§ **INSTRUCTIONS TO FOLLOW**: Please copy, exactly as they appear below, the lines from the one containing "Hotel Orizzonte Lido" through the one containing "دستگیری عاملان حفاری".

§ **MATERIAL TO PROCESS**:
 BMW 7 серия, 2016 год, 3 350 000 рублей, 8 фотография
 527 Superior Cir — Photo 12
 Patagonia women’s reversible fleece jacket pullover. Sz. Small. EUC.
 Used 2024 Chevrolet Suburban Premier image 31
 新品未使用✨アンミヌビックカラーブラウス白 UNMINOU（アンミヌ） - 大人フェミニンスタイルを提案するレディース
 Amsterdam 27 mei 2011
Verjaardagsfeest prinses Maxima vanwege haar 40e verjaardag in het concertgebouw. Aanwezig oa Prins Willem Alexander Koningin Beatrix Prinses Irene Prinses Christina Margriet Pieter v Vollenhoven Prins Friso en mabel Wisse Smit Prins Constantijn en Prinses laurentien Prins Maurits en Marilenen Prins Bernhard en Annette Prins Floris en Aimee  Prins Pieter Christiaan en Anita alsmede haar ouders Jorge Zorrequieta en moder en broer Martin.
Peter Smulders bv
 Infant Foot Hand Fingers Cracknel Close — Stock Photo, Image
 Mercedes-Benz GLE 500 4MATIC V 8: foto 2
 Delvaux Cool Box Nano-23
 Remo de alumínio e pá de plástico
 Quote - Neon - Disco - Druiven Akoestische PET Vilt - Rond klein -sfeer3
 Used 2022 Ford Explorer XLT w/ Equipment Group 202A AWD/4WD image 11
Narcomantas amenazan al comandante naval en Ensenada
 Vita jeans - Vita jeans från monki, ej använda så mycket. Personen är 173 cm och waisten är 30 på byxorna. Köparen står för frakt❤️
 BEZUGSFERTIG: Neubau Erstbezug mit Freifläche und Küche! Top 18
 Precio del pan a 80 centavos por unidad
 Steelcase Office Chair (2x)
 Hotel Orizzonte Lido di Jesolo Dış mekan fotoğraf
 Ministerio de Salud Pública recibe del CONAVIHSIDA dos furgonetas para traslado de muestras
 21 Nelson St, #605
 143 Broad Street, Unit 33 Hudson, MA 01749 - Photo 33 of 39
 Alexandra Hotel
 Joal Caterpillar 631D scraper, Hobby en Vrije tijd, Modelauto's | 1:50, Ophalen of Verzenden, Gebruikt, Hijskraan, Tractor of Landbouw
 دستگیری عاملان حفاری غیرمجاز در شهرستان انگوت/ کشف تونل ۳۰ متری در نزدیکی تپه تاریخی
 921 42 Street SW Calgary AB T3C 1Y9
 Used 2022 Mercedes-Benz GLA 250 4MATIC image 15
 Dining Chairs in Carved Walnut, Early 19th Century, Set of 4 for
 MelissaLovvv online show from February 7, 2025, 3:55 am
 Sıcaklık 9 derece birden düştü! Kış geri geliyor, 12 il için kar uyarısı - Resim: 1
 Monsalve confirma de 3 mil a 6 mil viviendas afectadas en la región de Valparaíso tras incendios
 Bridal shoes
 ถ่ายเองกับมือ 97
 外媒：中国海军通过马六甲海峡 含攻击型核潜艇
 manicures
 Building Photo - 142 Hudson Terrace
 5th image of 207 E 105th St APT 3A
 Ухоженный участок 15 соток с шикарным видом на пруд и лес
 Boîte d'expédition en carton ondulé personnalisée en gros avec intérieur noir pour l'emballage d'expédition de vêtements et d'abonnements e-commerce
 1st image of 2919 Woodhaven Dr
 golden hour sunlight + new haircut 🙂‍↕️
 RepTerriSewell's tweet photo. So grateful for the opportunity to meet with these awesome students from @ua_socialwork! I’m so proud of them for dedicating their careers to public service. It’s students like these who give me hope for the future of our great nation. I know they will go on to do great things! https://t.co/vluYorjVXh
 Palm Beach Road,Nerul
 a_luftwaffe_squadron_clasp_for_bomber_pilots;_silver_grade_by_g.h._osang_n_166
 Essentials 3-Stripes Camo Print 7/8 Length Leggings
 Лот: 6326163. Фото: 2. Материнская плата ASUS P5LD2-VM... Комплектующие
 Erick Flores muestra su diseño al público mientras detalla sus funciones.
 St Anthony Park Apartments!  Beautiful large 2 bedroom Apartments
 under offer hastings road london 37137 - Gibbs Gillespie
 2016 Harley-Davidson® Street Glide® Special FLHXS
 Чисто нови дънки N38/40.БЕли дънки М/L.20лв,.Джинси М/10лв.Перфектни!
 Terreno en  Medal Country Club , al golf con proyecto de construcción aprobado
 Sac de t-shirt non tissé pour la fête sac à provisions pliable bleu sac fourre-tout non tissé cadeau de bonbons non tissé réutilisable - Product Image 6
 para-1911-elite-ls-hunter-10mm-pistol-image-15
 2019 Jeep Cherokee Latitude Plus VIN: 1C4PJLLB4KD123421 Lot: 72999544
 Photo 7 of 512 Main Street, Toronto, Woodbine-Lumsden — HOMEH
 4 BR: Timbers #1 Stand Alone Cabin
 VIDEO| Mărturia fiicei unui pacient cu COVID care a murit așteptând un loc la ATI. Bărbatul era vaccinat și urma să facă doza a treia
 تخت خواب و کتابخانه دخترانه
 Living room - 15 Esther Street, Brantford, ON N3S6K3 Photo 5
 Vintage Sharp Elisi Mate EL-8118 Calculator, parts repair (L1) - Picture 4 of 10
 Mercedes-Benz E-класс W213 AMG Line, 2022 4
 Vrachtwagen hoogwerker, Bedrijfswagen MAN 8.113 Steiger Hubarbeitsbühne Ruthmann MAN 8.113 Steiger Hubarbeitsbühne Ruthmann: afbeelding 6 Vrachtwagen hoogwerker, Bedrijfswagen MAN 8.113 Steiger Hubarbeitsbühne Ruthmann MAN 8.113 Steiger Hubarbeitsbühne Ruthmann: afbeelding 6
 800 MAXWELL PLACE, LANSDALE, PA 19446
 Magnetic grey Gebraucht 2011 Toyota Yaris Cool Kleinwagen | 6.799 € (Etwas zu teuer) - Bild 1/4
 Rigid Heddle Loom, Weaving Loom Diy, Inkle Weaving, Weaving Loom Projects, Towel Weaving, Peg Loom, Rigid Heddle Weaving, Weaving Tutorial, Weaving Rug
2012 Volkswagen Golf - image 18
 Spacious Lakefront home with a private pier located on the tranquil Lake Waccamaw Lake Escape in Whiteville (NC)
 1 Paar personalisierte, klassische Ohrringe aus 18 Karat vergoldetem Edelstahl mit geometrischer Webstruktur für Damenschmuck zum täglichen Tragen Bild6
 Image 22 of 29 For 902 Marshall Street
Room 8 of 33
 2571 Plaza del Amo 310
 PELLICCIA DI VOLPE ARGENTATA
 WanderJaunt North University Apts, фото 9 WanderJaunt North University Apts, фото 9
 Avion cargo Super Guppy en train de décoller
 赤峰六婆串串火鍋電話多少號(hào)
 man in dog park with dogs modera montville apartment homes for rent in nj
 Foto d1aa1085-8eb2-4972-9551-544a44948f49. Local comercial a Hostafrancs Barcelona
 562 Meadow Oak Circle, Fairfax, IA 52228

§ **EXERCISE SOLUTION**:
 Hotel Orizzonte Lido di Jesolo Dış mekan fotoğraf
 Ministerio de Salud Pública recibe del CONAVIHSIDA dos furgonetas para traslado de muestras
 21 Nelson St, #605
 143 Broad Street, Unit 33 Hudson, MA 01749 - Photo 33 of 39
 Alexandra Hotel
 Joal Caterpillar 631D scraper, Hobby en Vrije tijd, Modelauto's | 1:50, Ophalen of Verzenden, Gebruikt, Hijskraan, Tractor of Landbouw
 دستگیری عاملان حفاری غیرمجاز در شهرستان انگوت/ کشف تونل ۳۰ متری در نزدیکی تپه تاریخی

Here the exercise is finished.